World crude oil production rose to a record 95.2 million barrels per day over the 12 months through November, according to Yardeni Research. This is up at a 2.4 percent annual rate, the fastest growth since July 2011 despite the price wipeout. U.S. shale and OPEC producers remain locked in a bitter struggle for market share, seeing whether American producers (hurt by credit constraints in the junk bond market) or the House of Saud (constrained by a budget deficit, military spending and falling currency reserves) cry uncle first.

Related: Why Oil Prices Will Rebound in 2016​​​

No surprise this smashed energy stocks, which lost 3.6 percent as a group on Wednesday. Chevron (CVX) lost nearly 4 percent. The drag from the energy sector is by far the biggest drag on overall earnings growth, with a 66 percent year-over-year drop predicted for the fourth quarter.
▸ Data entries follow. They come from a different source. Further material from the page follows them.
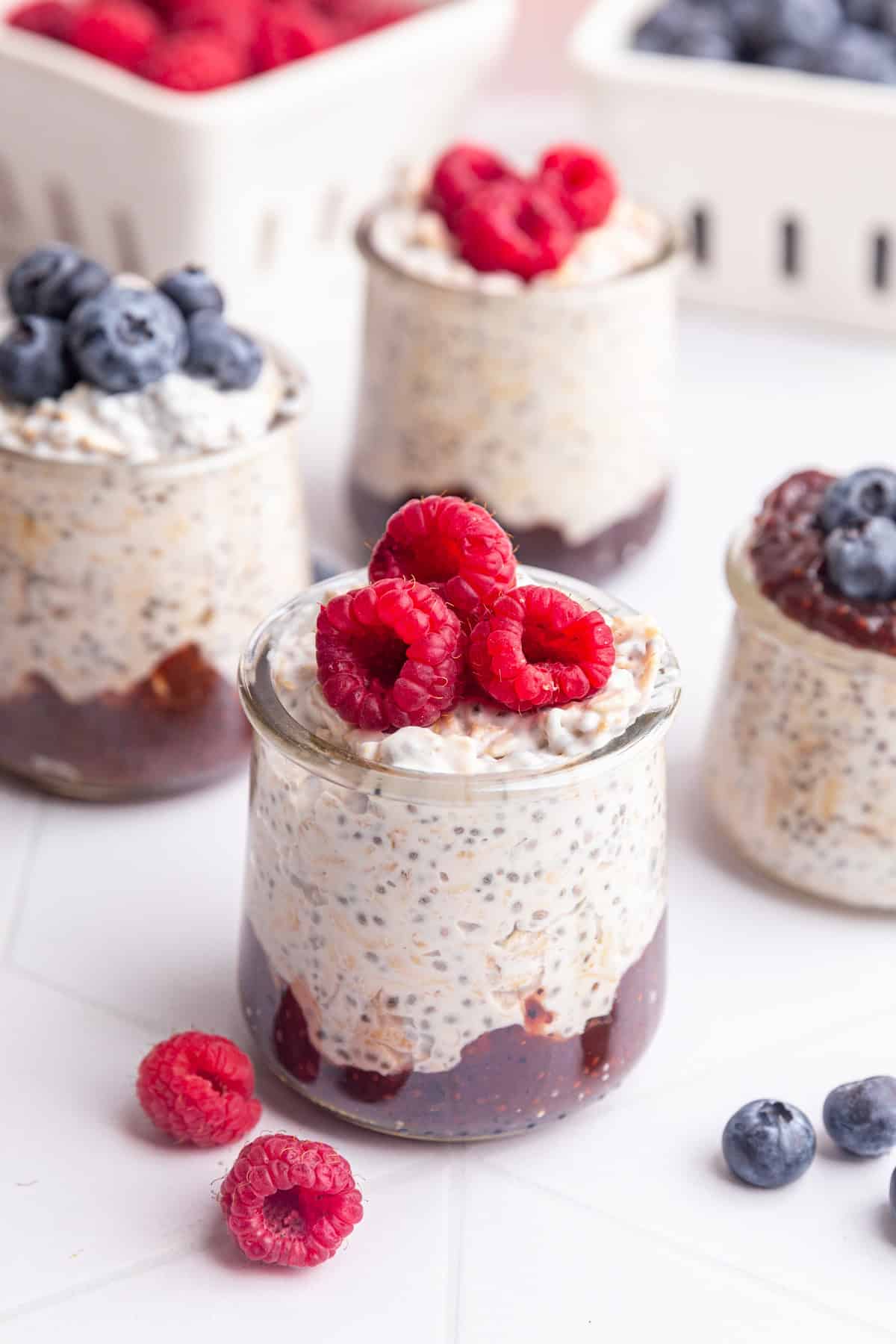 A jar of coconut milk overnight oats with jam on the bottom and raspberries on top.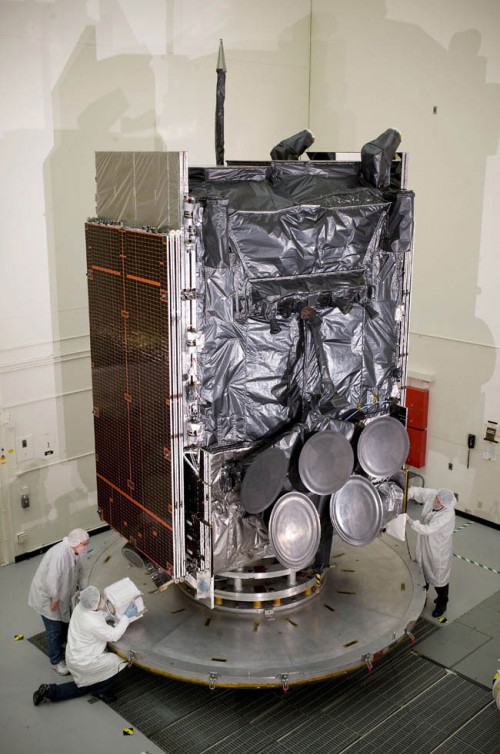 A 13,000 lb. U.S. Air Force WGS Wideband Global Satcom is pushed along the assembly floor at Boeing's plant in El Segundo, Ca. Note dish antennas by technicians for scale. Photo Credit: Boeing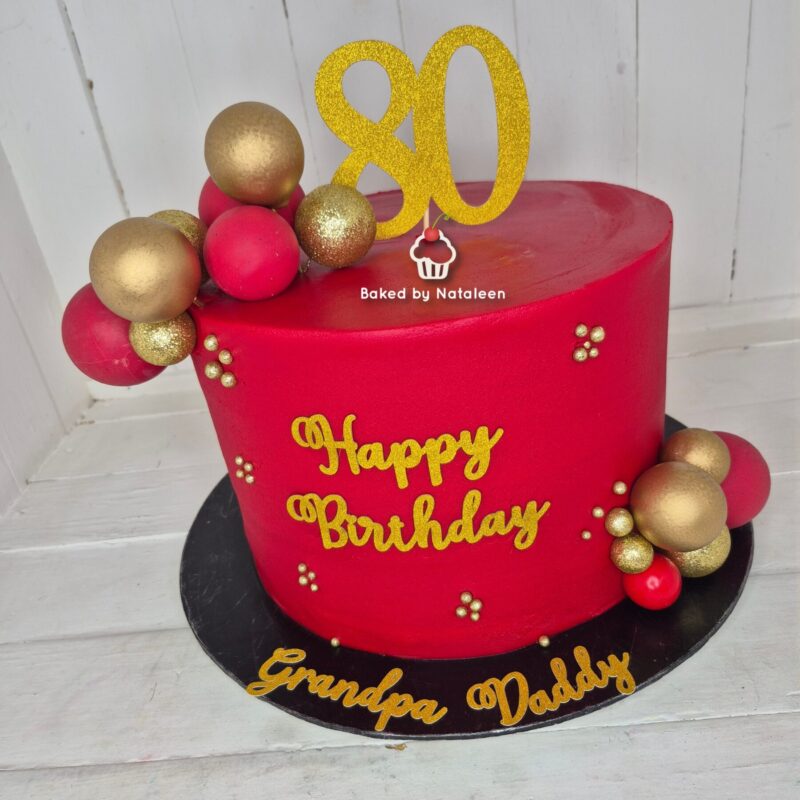 Red birthday cake decorated with gold lettering saying 'Happy Birthday', red and gold balls, and a glittery '80' topper on a black base reading 'Grandpa and Daddy' at the front.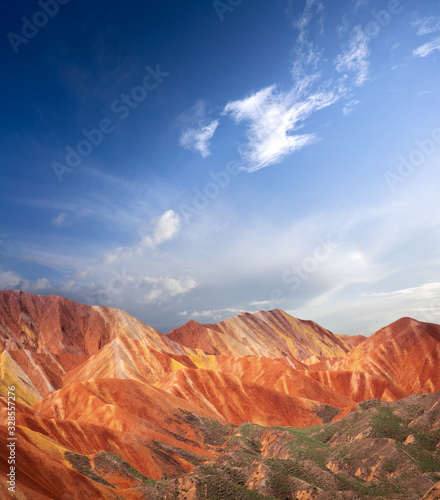 Rainbow mountains with blue sky in China at Zhangye Danxia geological park. Colorful rock formations with geological layers in the Gobi desert.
Other factors include the consequences of a stronger dollar as the Fed commits to its tightening bias. In China, the Caixin services activity index fell to a 17-year low.

On the U.S. economic front, the misses keep rolling in: The November factory goods and durable goods reports were both disappointing. Factory orders dropped for the 13th month in a row, which is something that has never happened outside of a recession.

As a result, the Citigroup U.S. Economic Surprise Index — which measures where the economic data is coming in against analyst expectations — dropped to lows not seen since early 2015 as the deflationary pressure from lower energy prices and lower energy earnings filters out into the economy.

While cheap oil is good for American drivers, with wholesale gasoline prices falling to 2009 lows this week, it has a dampening effect on everything from Texas home prices to transportation jobs and demand for tubular steel. No wonder the Atlanta Fed's GDPNow real-time tracking estimate of Q4 GDP growth has collapsed to 1.0 percent — down from nearly 3.0 percent back in November.

The one big wild card is the rising geopolitical tension between Iran and Saudi Arabia after Riyadh executed a well-known Shia cleric. Diplomats were recalled. Air service was halted. The Saudi embassy in Iran was attacked and set alight. Fingers were pointed. This lessens the already small chance of OPEC cooperation to reduce output and stabilize prices.

Thus, so far, it's been considered a negative catalyst for energy prices.

But if the spat devolves into an active shooting conflict or results in social unrest in Saudi Arabia's Shia-dominated oil-rich al-Ahsa province, all bets are off. Most of the Kingdom's 10.3 million barrels per day of production transits this region on the way to oil tankers in the Persian Gulf.

Related: Saudi Arabia May Have Picked a Fight It Can’t Win​​

Saudi Arabia has since bombed Iran-backed rebels in Yemen. Qatar recalled its ambassador from Tehran. Jordan, Djibouti, Bahrain, Sudan, the U.A.E., Kuwait and Turkey have all supported Riyadh's position. Tehran claims Riyadh is fanning the flames out of fear of Iranian market share gains (in the wake of the nuclear deal) and has proceeded recently with ballistic missile tests in possible violation of a U.N. ban.

It's darkly humorous that the fate of the stock market, corporate earnings and energy sector employment depends on a religious feud that started with the death of Muhammad some 1,400 years ago. But that's what fate has delivered.